** Opening Entries shown block **
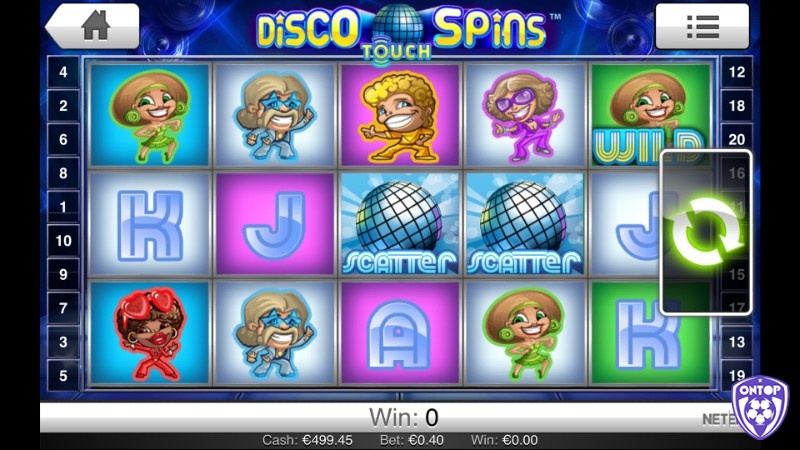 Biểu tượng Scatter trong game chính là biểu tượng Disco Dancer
** Closing Entries shown block **
** Opening Entries shown block **
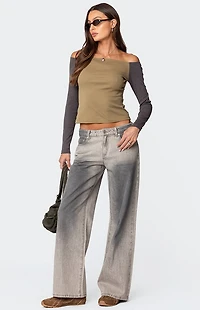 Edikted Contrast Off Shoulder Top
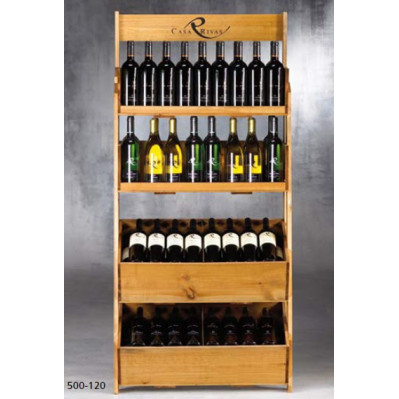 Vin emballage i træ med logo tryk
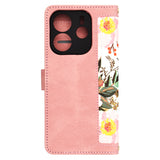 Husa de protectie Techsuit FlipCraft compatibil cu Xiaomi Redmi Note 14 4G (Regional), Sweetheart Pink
** Closing Entries shown block **
** Opening Entries shown block **
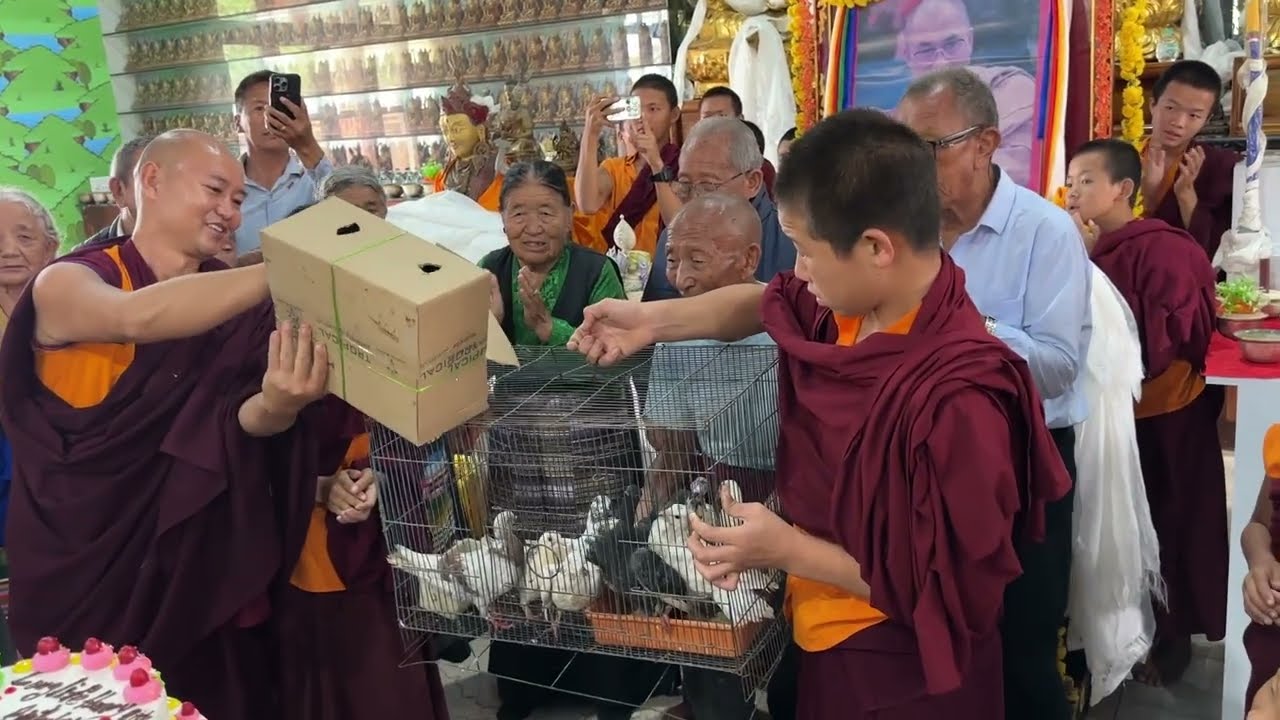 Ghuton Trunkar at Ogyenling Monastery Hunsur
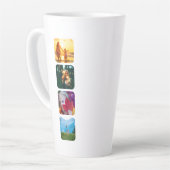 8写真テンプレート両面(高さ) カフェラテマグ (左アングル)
** Closing Entries shown block **
Your assignment =>
Whatever pictures the records hold, omit them; give again exactly the lines from the one containing "Vin emballage i træ med logo tryk" through the one containing "Husa de protectie".

Answer space =>
 Vin emballage i træ med logo tryk
 Husa de protectie Techsuit FlipCraft compatibil cu Xiaomi Redmi Note 14 4G (Regional), Sweetheart Pink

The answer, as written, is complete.